In the Spring issue of the Watkins Review, that venerable bookshop shared with us their list of 'the 100 most spiritually influential living people'. Can we learn anything from this unusual claim? What new meanings of 'spirituality' can we work out from this list?
Well, starting with numero uno, the top of what they refer to as 'The 100 Spiritual Power List', is someone I'd never previously heard of, Eckhart Toller.
This list is mainly of people I've never heard of (63 of them), and of the other 37, I've mostly not read their books. But that's just me.
The Dalai Lama is at #2; no surprise there; he would certainly fit most people's profile of the term 'spiritual'.
Ken Wilber is at #9; that also doesn't surprise me - he tries to make sense out of culture and higher consciousness, so that qualifies as spiritual.
I started getting puzzled, with Oprah Winfrey at #8. I know, I didn't either. Click on the link above; it gets weirder.
At #14 was my second big surprise - Alejandro Jodorowsky. That the creator of the wonderful film 'The Holy Mountain' can rub shoulders with the stiff, pretentious paintings of Alex Grey (#16), makes for strange bedfellows in the 'spiritual'. That writers of barking-mad drivel such as Drunvalo Melchizedek (#36) can share the space with the divine Alan Moore (#49) is even weirder; that the fantasist Erich von Däniken (#63) can hobnob with Stanislav Grof (#89), one of the greatest healers of all time, is just bloody daft.
But then again, I shouldn't be surprised; this is a list of what sold, so there are no criteria of quality at all.

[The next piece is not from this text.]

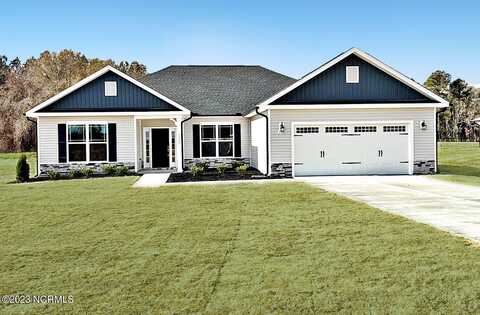 4009 Fletcher Road, Bailey, NC 27807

Still, someone at Watkins Review did have to decide which books, films, paintings and lives (Nelson Mandela, #19) had some quality called 'spiritual'. So what explains the inclusion of Dan Brown at #42? No, there doesn't seem to be another world-renowned writer of this name; it really is the man who wrote 'The Da Vinci Code', so what is he doing here? I'm not paying £4.95 for a copy of the Review to find out, so I guess I'll never know.